◆ **RECORDS FOR PROCESSING**

"""

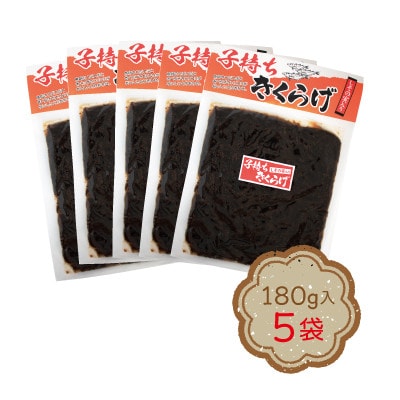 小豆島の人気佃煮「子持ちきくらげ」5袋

"""
"""

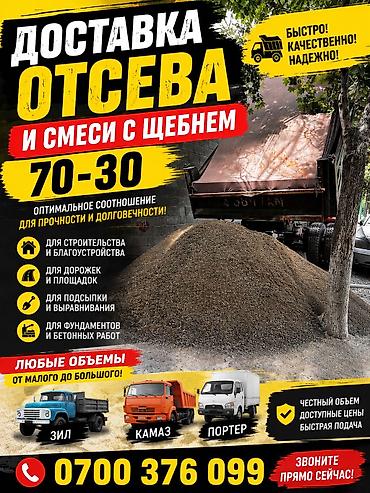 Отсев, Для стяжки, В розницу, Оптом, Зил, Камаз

"""
"""

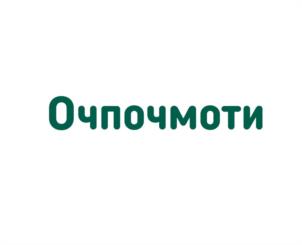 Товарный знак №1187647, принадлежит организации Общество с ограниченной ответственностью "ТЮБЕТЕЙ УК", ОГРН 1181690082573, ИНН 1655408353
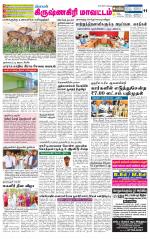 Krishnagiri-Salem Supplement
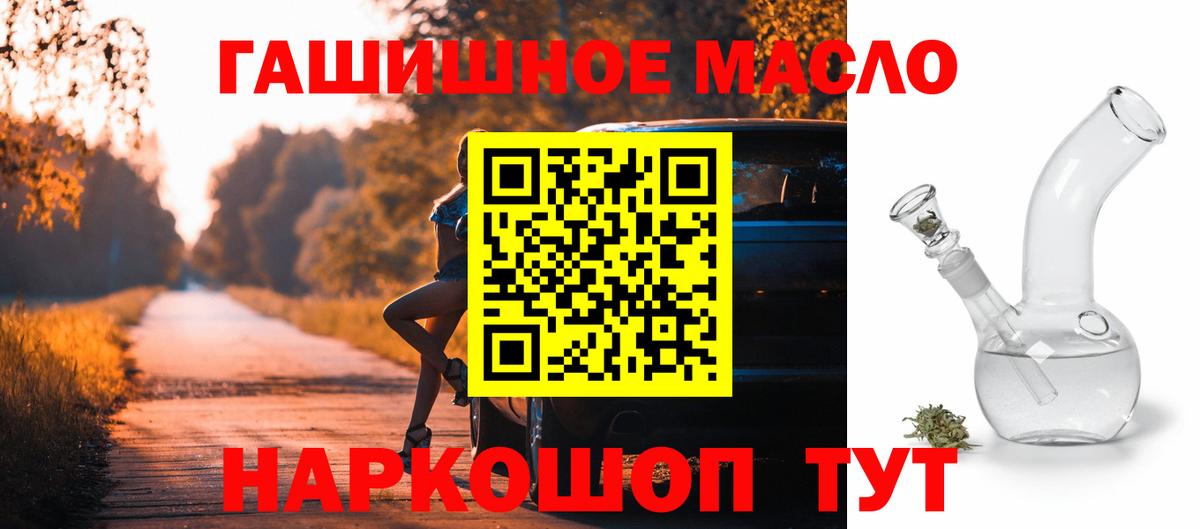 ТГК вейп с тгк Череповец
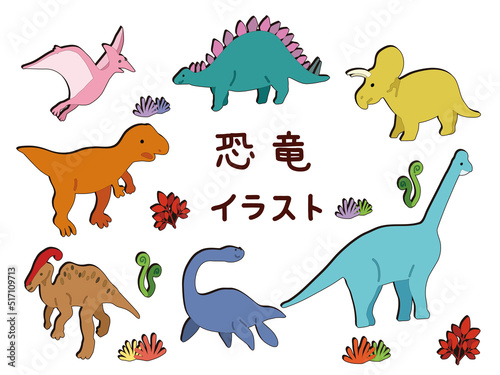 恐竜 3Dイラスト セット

"""

◆ **TASK BRIEF**
An exact copy is needed of the stretch above that opens with the line containing "Товарный знак №1187647, принадлежит" and closes with the line containing "恐竜 3Dイラスト セット"; the pictures are not part of it.

◆ **WRITTEN REPLY**
 Товарный знак №1187647, принадлежит организации Общество с ограниченной ответственностью "ТЮБЕТЕЙ УК", ОГРН 1181690082573, ИНН 1655408353
 Krishnagiri-Salem Supplement
 ТГК вейп с тгк Череповец
 恐竜 3Dイラスト セット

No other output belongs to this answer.